ABOUT THIS TASK:
The answer must be every line of the records below that contains the word "important", copied out.

(PROVIDED INFORMATION Opens)

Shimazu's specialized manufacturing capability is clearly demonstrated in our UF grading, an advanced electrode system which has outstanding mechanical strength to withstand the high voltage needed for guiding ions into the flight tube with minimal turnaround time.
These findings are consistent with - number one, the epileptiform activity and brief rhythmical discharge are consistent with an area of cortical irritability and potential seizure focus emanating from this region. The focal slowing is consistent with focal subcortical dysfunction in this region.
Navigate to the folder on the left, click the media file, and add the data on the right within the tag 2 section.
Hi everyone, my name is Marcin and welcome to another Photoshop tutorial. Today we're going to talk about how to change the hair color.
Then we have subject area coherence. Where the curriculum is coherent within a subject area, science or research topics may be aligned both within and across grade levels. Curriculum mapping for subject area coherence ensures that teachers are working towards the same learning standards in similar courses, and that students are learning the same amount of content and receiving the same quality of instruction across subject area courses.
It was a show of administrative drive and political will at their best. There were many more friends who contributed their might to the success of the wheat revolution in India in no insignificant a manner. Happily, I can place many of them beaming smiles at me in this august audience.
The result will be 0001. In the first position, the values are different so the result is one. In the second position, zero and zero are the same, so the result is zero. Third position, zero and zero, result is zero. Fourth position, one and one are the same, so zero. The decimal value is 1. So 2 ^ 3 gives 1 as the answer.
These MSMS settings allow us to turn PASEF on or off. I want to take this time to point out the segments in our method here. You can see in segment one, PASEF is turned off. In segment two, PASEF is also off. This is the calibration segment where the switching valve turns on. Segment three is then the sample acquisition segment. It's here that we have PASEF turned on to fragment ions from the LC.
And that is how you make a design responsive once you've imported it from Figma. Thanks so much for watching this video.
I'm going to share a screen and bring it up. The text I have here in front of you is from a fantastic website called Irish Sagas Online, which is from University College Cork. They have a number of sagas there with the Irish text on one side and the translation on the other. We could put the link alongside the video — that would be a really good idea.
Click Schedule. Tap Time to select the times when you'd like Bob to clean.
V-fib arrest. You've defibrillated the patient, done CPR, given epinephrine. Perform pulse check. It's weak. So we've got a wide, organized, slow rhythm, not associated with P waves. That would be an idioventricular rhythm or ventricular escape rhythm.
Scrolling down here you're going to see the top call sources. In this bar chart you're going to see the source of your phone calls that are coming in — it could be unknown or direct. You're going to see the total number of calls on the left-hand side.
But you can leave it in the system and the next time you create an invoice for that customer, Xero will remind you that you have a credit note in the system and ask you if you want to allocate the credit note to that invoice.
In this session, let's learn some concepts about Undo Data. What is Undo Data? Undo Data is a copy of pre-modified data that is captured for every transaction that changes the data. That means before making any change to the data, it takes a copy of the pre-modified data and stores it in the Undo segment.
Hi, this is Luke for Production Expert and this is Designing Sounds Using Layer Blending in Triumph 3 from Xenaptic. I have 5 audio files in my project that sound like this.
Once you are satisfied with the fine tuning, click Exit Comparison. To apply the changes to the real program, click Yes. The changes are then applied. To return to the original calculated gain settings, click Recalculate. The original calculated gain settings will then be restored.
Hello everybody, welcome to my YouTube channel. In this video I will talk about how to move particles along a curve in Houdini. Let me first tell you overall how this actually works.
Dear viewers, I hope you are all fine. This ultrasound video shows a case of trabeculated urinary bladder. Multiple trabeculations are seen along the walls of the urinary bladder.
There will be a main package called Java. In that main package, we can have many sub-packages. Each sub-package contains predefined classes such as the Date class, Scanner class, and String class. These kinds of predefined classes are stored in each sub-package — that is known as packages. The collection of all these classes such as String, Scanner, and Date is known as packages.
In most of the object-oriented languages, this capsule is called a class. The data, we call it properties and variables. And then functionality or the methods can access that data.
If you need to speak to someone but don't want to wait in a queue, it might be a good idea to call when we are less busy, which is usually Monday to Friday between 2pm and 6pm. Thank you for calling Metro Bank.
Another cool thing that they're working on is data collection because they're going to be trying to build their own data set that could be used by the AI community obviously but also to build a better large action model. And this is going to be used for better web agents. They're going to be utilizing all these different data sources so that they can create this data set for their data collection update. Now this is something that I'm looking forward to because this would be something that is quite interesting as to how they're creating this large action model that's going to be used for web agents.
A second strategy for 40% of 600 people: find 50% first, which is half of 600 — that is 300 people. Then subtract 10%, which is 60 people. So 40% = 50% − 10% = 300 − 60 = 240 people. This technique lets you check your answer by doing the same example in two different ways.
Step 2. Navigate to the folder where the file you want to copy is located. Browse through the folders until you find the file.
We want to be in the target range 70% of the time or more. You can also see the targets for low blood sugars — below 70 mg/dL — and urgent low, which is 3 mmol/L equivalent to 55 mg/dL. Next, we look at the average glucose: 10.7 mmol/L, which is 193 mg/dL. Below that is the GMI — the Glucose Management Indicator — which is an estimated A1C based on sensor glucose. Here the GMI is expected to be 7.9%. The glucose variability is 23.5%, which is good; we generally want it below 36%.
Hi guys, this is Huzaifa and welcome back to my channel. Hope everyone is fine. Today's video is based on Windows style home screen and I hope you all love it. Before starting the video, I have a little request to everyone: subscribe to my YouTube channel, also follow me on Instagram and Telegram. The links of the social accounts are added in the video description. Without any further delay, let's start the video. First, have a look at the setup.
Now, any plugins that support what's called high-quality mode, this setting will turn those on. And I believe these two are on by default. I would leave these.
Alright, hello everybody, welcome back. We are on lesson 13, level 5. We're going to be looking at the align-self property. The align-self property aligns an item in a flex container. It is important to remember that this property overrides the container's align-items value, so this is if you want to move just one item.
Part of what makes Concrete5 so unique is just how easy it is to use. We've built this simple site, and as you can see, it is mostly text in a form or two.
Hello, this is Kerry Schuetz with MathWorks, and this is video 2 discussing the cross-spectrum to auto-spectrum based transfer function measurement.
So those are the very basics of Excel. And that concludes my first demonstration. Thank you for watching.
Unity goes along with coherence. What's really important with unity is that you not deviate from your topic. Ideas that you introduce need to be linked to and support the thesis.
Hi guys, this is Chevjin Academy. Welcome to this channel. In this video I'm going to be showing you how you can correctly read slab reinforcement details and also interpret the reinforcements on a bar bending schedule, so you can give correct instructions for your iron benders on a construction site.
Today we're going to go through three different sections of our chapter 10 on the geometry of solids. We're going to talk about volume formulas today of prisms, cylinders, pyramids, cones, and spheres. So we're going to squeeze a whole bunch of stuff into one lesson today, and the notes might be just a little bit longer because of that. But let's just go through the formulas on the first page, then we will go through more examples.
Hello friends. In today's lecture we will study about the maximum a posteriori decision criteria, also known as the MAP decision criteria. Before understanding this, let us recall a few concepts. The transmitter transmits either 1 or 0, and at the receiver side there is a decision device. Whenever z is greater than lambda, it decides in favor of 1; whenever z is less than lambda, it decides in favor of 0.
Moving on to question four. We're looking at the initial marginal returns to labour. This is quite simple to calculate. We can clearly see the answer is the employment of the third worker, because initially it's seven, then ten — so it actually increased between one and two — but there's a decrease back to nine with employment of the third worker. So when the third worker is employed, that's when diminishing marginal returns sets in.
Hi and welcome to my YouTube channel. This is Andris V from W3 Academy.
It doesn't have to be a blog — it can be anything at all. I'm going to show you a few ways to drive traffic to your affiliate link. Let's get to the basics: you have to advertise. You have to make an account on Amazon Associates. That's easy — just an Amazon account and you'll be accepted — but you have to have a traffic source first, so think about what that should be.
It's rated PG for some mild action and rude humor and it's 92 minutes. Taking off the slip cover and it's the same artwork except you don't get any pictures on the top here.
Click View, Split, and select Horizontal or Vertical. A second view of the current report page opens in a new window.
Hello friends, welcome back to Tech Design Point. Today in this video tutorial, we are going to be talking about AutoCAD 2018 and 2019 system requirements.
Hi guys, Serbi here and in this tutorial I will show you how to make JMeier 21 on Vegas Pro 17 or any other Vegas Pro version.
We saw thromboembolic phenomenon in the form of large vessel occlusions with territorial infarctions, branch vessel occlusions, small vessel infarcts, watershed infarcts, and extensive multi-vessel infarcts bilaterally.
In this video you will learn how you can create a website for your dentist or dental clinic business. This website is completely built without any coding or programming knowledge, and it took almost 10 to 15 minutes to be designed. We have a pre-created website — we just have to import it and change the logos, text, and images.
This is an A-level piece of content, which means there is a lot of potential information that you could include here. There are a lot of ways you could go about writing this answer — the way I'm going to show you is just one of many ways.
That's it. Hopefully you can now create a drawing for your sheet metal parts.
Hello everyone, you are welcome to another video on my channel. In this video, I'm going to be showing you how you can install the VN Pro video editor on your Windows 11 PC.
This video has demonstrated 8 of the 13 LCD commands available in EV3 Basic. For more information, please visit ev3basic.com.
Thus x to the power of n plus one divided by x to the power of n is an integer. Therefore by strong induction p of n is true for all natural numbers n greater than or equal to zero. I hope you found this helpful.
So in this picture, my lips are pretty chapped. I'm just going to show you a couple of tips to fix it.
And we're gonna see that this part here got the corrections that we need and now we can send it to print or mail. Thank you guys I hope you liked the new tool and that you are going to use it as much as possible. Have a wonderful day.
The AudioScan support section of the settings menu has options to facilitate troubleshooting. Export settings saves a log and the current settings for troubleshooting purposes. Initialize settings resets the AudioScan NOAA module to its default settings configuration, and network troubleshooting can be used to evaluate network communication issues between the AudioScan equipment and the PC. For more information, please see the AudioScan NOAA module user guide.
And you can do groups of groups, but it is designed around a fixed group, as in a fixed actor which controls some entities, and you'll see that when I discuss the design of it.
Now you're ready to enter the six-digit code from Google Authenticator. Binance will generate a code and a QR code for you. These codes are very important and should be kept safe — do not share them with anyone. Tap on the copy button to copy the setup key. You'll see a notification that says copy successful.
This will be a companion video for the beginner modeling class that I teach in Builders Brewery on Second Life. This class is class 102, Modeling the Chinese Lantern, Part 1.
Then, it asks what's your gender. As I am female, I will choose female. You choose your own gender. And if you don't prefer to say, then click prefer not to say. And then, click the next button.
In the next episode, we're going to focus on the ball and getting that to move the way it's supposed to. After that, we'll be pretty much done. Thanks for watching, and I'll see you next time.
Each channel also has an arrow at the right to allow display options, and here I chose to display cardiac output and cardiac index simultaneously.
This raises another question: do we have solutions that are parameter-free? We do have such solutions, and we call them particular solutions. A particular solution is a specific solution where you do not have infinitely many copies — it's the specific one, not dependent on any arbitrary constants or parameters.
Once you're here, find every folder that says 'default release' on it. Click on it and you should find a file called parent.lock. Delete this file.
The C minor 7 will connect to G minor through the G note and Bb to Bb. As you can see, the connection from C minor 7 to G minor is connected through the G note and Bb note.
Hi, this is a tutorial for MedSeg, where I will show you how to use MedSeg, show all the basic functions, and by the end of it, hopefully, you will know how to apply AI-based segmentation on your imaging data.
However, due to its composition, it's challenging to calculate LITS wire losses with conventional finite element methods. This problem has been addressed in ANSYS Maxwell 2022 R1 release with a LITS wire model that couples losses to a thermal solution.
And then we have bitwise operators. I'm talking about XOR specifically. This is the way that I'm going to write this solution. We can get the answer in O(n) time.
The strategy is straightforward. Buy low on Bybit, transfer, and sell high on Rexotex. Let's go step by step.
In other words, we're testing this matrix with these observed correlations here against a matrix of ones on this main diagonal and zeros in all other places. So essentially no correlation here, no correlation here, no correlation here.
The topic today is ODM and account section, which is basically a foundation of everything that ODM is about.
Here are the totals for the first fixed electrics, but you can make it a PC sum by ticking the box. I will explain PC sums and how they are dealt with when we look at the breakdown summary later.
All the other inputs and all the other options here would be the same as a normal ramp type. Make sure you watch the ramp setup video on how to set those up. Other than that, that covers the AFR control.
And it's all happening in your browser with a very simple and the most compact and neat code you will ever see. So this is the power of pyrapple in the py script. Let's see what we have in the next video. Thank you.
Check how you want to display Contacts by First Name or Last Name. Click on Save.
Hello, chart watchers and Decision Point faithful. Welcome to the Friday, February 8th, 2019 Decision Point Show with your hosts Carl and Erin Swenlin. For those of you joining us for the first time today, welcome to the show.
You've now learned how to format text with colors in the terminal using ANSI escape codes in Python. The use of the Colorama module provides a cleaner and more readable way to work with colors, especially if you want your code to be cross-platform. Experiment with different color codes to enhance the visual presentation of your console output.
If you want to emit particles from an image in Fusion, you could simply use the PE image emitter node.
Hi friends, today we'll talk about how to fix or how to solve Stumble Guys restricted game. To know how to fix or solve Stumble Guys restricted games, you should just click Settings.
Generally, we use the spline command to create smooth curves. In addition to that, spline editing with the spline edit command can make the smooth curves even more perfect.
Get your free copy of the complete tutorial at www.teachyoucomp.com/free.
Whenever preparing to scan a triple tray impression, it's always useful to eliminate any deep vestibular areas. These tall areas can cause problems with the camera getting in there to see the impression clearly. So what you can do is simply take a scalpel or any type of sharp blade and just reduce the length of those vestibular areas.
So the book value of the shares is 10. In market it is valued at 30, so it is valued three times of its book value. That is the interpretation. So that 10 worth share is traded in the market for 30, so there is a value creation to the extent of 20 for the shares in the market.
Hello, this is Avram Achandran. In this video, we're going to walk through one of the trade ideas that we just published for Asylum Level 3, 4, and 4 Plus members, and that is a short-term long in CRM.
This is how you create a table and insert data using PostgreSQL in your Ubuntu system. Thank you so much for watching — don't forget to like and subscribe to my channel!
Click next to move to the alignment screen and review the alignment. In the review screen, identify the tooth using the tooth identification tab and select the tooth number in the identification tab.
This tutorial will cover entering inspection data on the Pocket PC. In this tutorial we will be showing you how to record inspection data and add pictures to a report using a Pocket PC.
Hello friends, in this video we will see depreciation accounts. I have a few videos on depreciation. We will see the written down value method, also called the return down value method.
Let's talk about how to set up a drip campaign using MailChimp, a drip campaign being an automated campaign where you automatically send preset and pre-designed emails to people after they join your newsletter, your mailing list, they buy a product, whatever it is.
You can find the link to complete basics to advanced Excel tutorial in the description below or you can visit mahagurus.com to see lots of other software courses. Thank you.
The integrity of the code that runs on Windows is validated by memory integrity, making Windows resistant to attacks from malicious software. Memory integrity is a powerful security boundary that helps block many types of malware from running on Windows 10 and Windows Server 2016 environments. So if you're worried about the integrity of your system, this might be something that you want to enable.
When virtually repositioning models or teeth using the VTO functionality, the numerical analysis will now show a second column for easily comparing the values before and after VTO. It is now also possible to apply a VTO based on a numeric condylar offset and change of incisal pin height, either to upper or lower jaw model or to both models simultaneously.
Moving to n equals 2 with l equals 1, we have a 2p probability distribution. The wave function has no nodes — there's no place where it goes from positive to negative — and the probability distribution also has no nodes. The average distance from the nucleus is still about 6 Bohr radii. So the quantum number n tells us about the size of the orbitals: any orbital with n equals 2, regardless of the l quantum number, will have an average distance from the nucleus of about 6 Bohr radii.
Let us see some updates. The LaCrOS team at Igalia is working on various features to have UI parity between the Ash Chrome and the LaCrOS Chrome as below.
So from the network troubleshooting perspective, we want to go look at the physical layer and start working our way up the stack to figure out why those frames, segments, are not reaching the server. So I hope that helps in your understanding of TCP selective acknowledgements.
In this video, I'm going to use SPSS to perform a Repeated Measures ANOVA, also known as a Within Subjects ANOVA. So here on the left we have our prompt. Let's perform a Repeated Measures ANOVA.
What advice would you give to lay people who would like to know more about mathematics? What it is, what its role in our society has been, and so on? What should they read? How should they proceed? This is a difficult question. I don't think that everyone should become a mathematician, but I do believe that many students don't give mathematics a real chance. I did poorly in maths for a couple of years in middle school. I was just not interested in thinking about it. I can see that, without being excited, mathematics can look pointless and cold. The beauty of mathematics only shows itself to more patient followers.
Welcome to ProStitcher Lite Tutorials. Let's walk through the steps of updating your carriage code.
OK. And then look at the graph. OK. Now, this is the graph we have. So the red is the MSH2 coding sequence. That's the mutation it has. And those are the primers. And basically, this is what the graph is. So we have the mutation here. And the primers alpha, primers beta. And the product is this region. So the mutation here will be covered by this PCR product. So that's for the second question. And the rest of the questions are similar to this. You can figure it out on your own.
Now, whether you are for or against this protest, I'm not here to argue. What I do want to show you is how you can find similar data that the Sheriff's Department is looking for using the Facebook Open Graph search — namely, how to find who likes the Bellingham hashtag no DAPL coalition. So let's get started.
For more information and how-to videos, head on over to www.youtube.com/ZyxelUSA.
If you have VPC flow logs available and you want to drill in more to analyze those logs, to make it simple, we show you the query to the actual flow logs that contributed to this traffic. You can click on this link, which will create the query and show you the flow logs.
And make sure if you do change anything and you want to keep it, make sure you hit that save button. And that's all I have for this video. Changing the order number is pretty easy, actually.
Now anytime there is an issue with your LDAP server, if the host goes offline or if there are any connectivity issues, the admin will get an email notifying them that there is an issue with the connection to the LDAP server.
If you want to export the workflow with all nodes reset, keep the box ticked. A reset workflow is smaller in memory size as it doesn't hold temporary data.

(PROVIDED INFORMATION Closes)

EXERCISE OUTPUT:
Alright, hello everybody, welcome back. We are on lesson 13, level 5. We're going to be looking at the align-self property. The align-self property aligns an item in a flex container. It is important to remember that this property overrides the container's align-items value, so this is if you want to move just one item.
Unity goes along with coherence. What's really important with unity is that you not deviate from your topic. Ideas that you introduce need to be linked to and support the thesis.
Now you're ready to enter the six-digit code from Google Authenticator. Binance will generate a code and a QR code for you. These codes are very important and should be kept safe — do not share them with anyone. Tap on the copy button to copy the setup key. You'll see a notification that says copy successful.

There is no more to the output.